Prior to the start of fall camp Sunday, Pachall read a statement to media apologizing for his actions after TCU360.com and the Fort Worth Star-Telegram reported that Pachall admitted to a Fort Worth police officer that he has smoked marijuana and failed a drug test. Pachall also admitted to taking ecstasy and cocaine in the past but said, "Both were just a one-time thing and [he] hasn't done either since."
The kicker? Pachall, who threw for a school-record 2,921 yards last season, was never suspended for his actions and won't face any discipline from the athletic department.
"We were aware of Casey testing positive on Feb. 1," TCU coach Gary Patterson told the Star-Telegram in an emailed statement Friday. "I have always taken a very strong stand on student-athlete health and welfare. We have policies and educational programs in place to help guide our student-athletes. We are committed to helping them make healthy choices and have moved forward. We have had 25 drug tests in the last 18 months, including one by the NCAA at the Rose Bowl. We've had six drug tests since February."
Patterson said Pachall had completed drug and alcohol counseling mandated by the university and that no further action would be taken.
On Feb. 15, four football players were arrested in connection with a campus-wide drug ring. Among those was linebacker Tanner Brock, who was roommates with Pachall. Brock, D.J. Yendrey, Devin Johnson and Ty Horn all were arrested and received probation after pleading guilty to marijuana delivery charges. All four were kicked off the team. Pachall was detained, but released.
"I know I'm not perfect," Pachall said Sunday. "But I've learned from those mistakes and I'm still learning. It's a day-to-day process for me of trying to be a better person."
Patterson said while Pachall was not suspended, he was internally disciplined and will face rigorous drug testing in the future.
"Just because he didn't receive additional punishment doesn't mean we think it's acceptable," Patterson said. "It's not. And Casey knows that. He'll continue to get tested and knows how serious this is.
"We can't have him as the face of the football program. There's a responsibility that goes with that and so he can't do it."
Still, this continues to raise questions about drug use within the TCU program and just how deep it went before the university and Patterson decided to step up their testing regimen. When the police busted the drug ring and football players were arrested, all eyes focused on the football program after those arrested players alleged as many as 82 players on the roster had failed drug tests.
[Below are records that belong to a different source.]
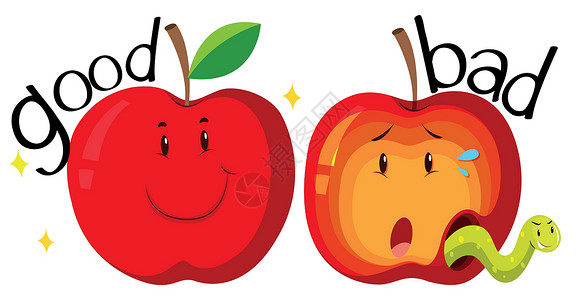 龙王阁红苹果的好坏设计图片
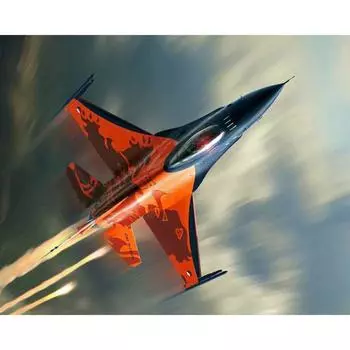 Полная круглая Алмазная Мозаика Полная Алмазная Картина Вышивка Крестом Алмазная Вышивка 20X30CM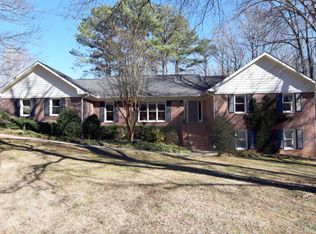 1041 Canterbury Ct, Watkinsville, GA 30677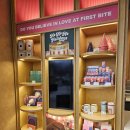 인동36길-5 이미지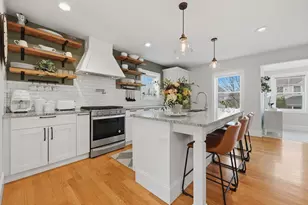 15 Howard St, Newburyport, MA 01950 - Photo 12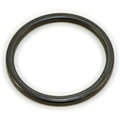Exhaust Pipe Gasket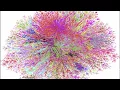 Download Lagu Pure Imagination (Orchestral Arrangement)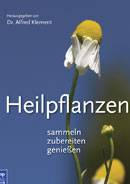 Heilpflanzen
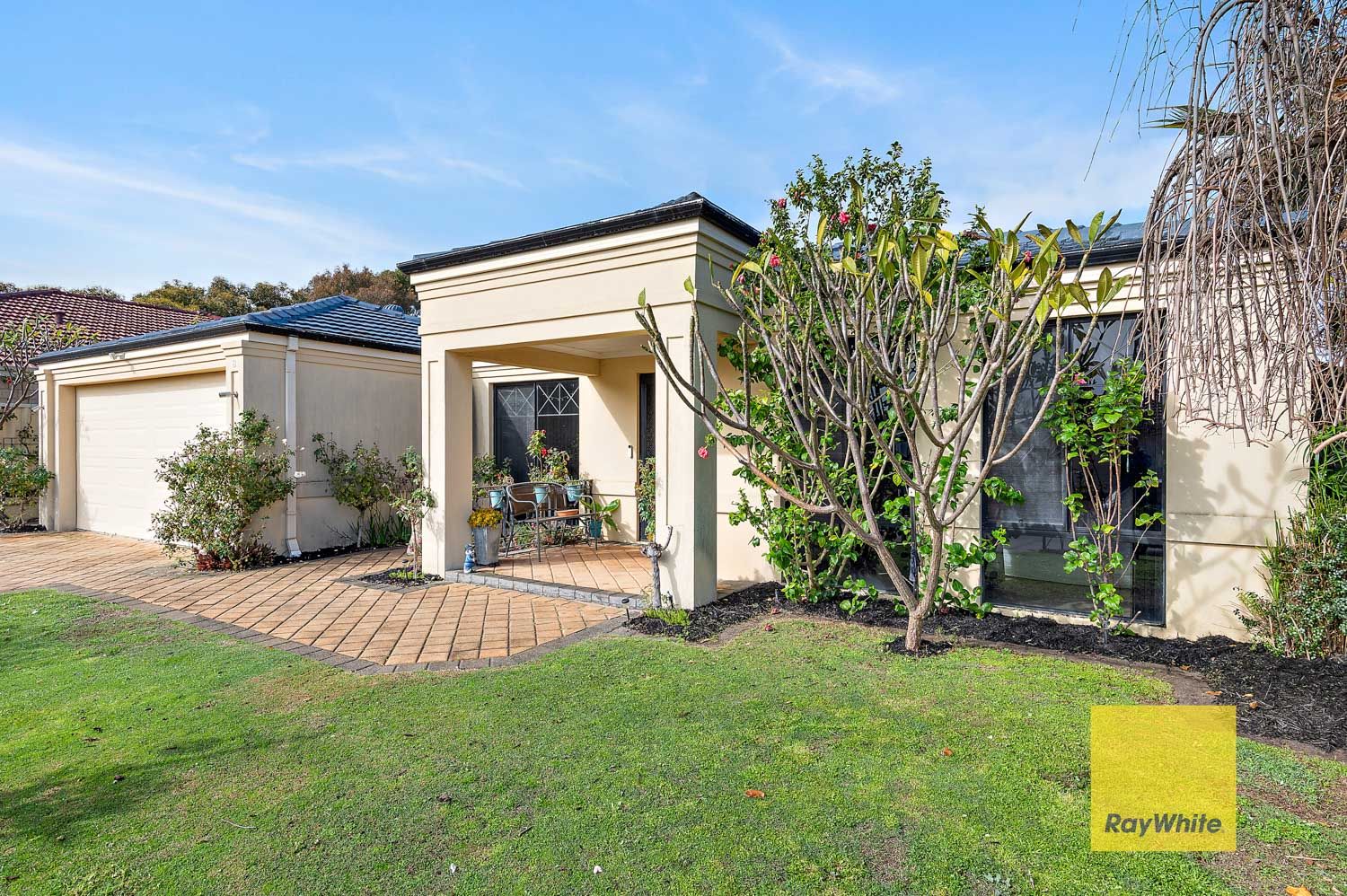 8 KINNERTON GDNS, CANNING VALE WA 6155, 0 Schlafzimmer, 0 Badezimmer, House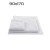 Asciugamano Promozionale Personalizzabile 90X170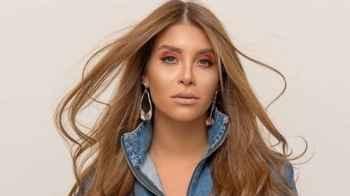 A post by Nour Ali sparks speculation about her love life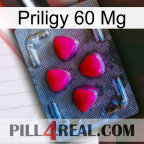 Priligy 60 Mg 13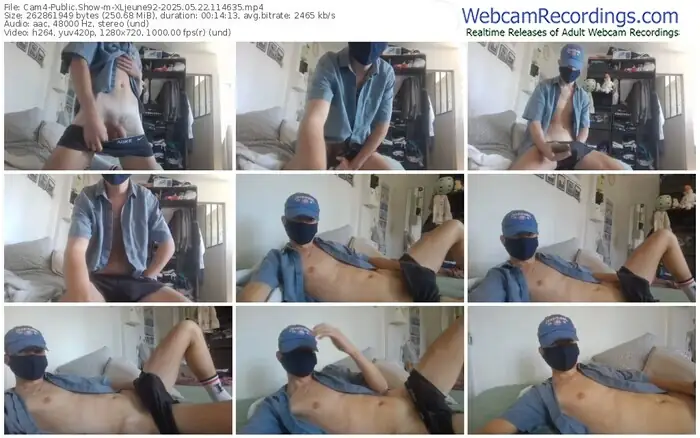 cam4-xljeune92-05-22-2025-11-46-35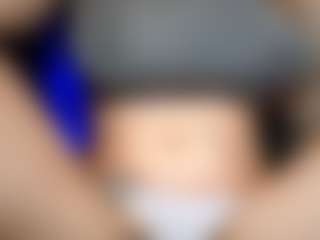 biatriss's Live Sex Cam Show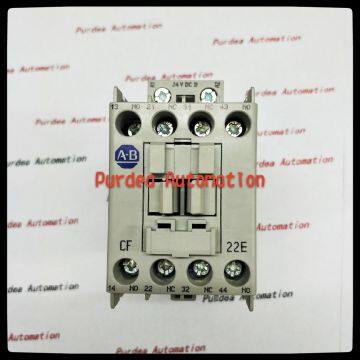 New Original Spot Sales Spot Sales Ac Contactor photo-2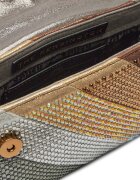 Kurt Geiger Geantă pe umăr MINI KENSINGTON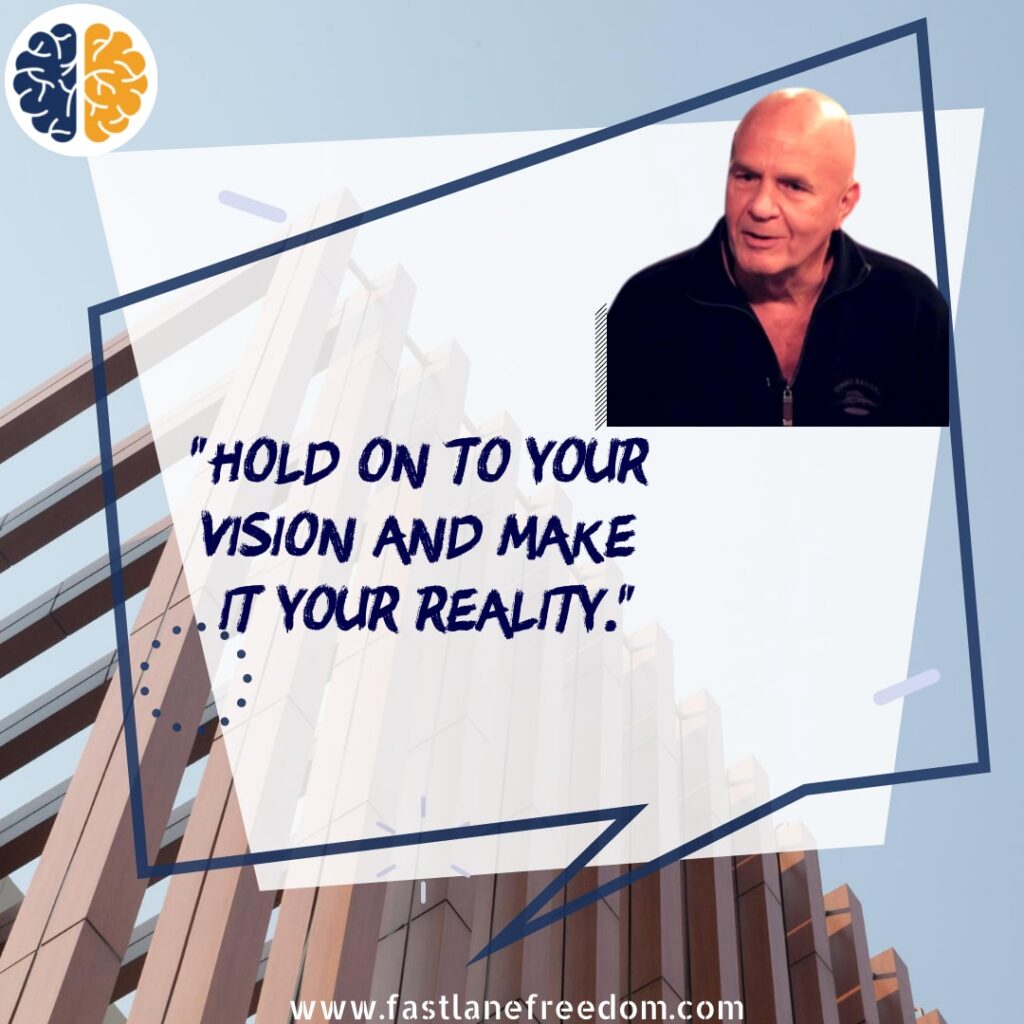 wayne dyer quotes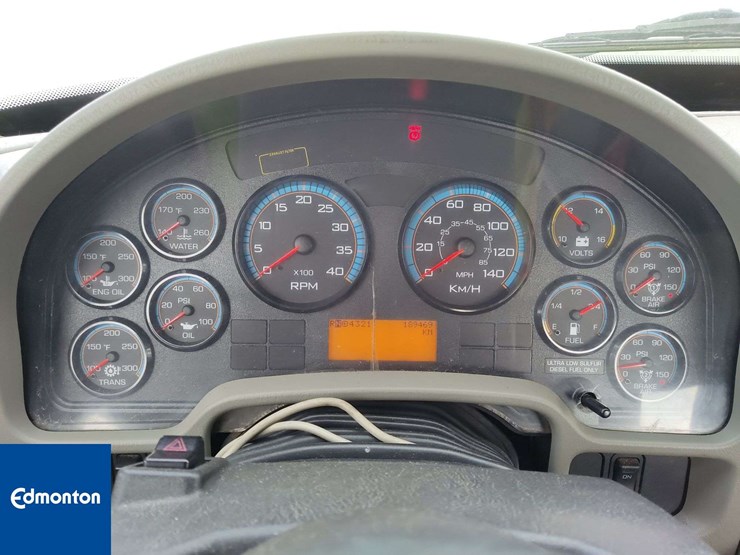2014-international-workstar-7400-image-8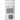 Alternate-Image2 Image for HPE ProLiant ML30 G11 4U Tower Server - 1 x Intel Xeon 6325P 3.50 GHz - 32 GB RAM - 4 TB HDD - (2 x 2TB) HDD Configuration - 12Gb/s SAS, NVMe, Serial ATA/600 Controller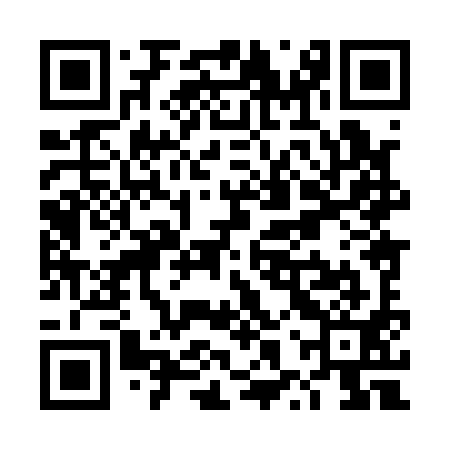 QR code for TXX191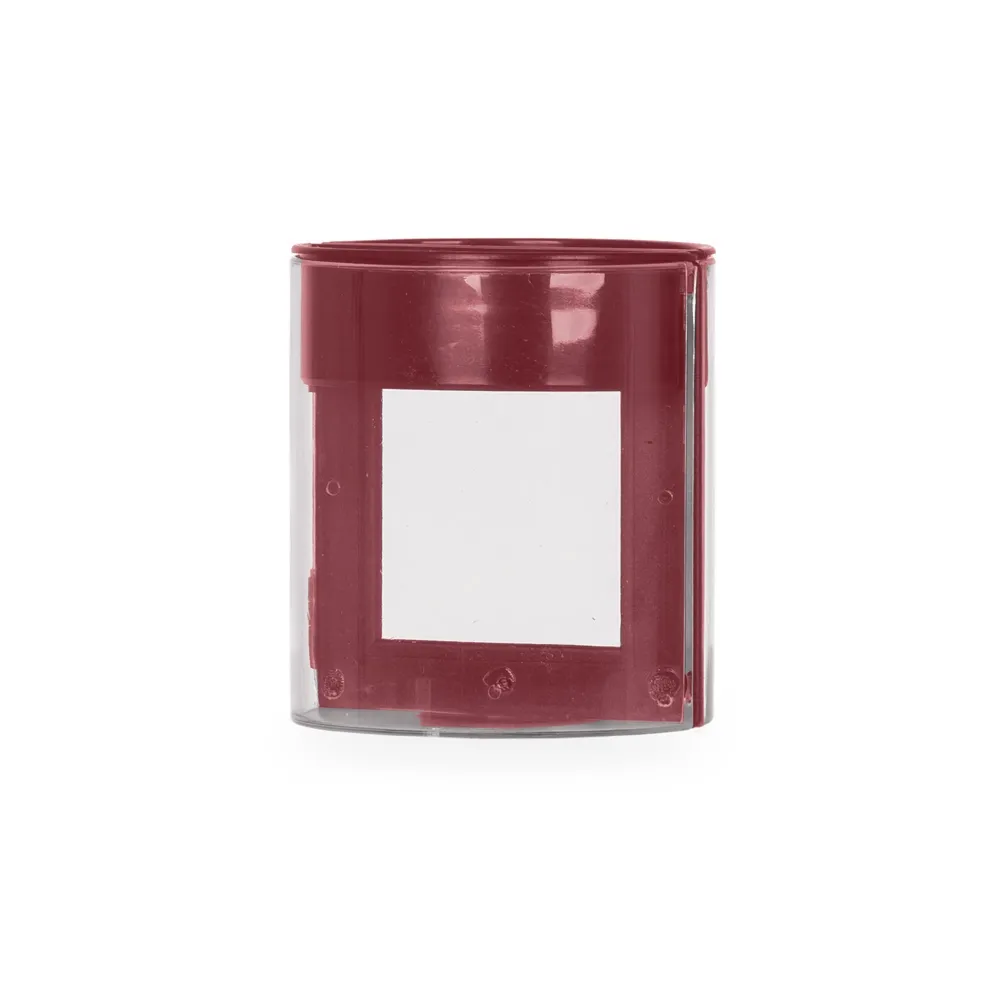 #Porta Caneta com Porta Fotos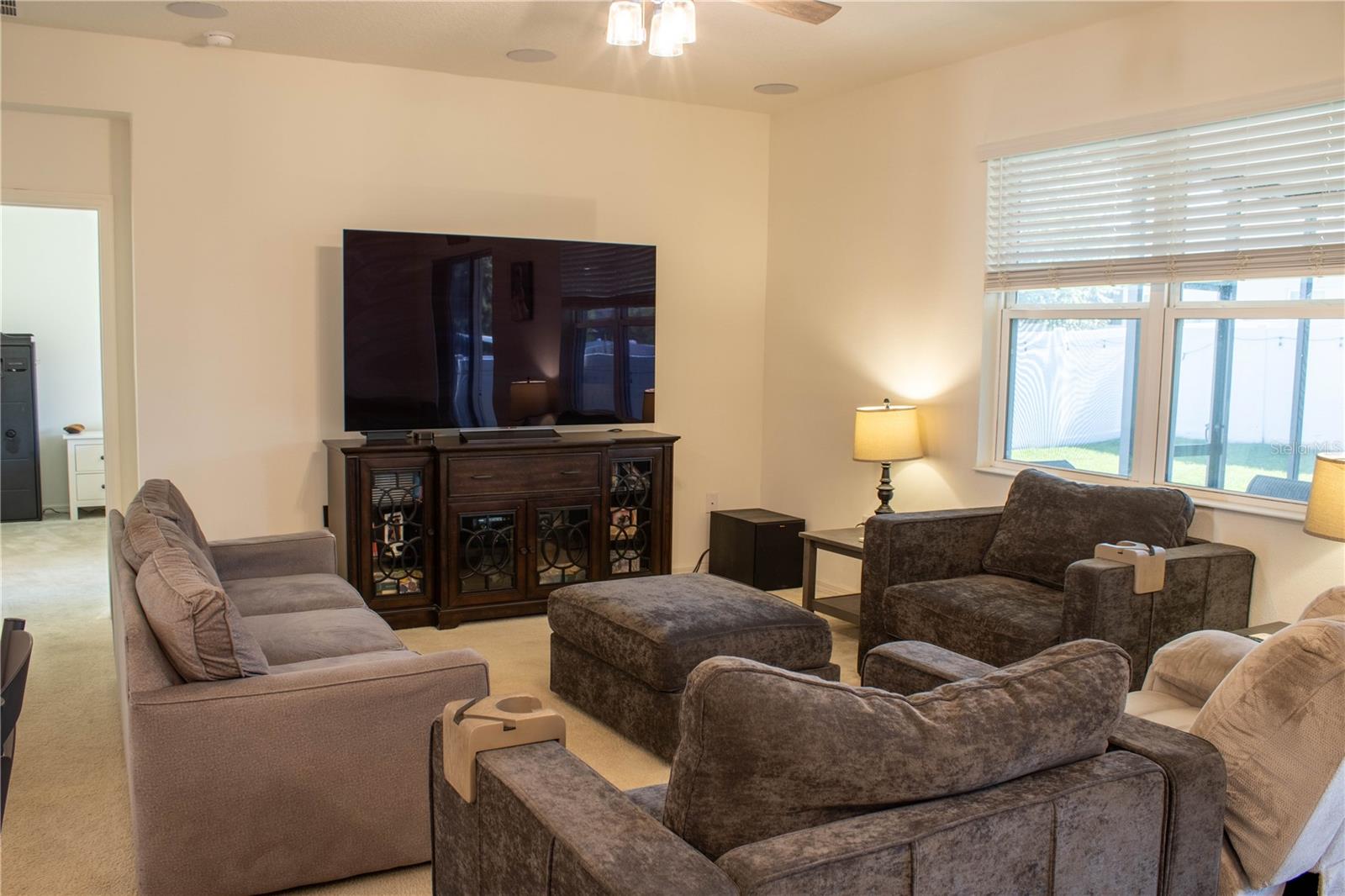 7404 IBIS DR, LAKELAND, FL, 33810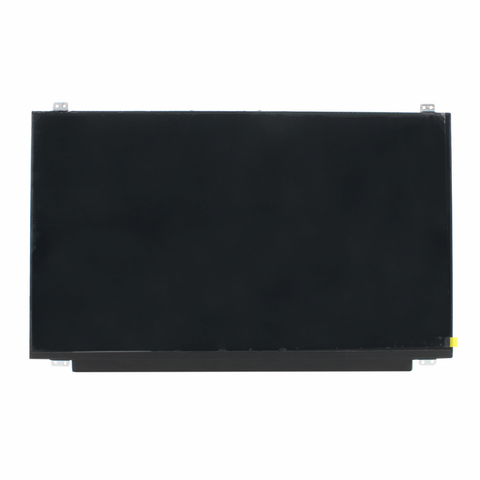 LCD displej (ekran) Panel 15.6" (NV156FHM-N47) 1920x1080 slim LED IPS 30 pin novi tip.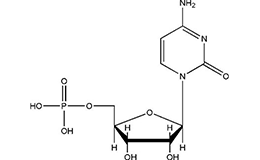 Cytidine 5'-monophosphate
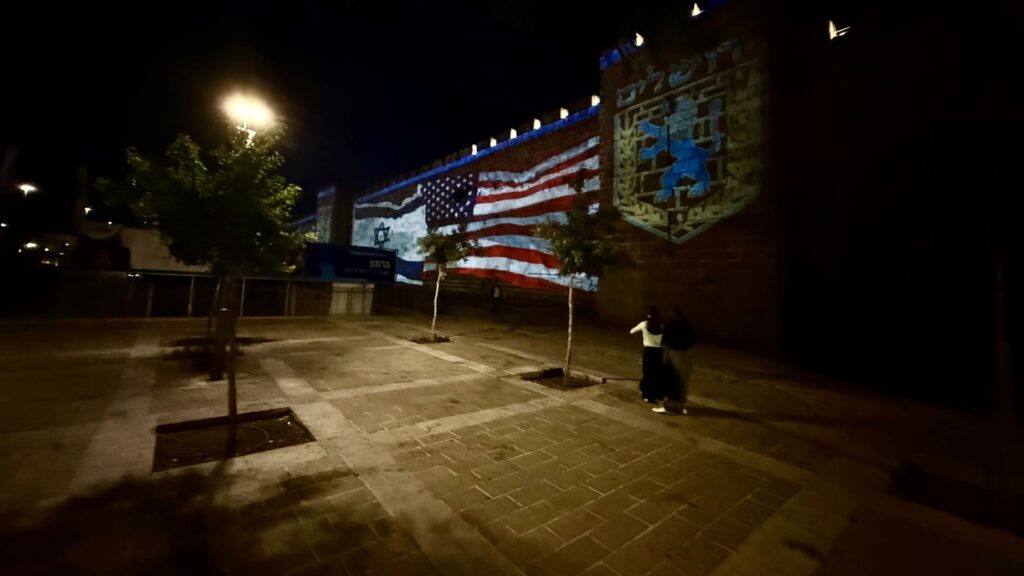 108162206 1750641085009 gettyimages 2220786445 aa 22062025 2299879.jpeg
That number turned out to be false, but it caused Patterson to have to administer drug tests throughout the offseason, something he hadn't done in the past.
Pachall is a star on a team that needs a star as it embarks on its first season in the Big 12, which definitely makes you wonder if he was given preferential treatment because of his star status and because the university was able to keep his involvement with drugs under wraps for the past six months. But on other teams, even the best players are at least forced to sit out a game for failing a drug test. The lack of on-field action taken against Pachall will just draw more criticism toward Patterson and TCU and keep the focus on the negative instead of the positive.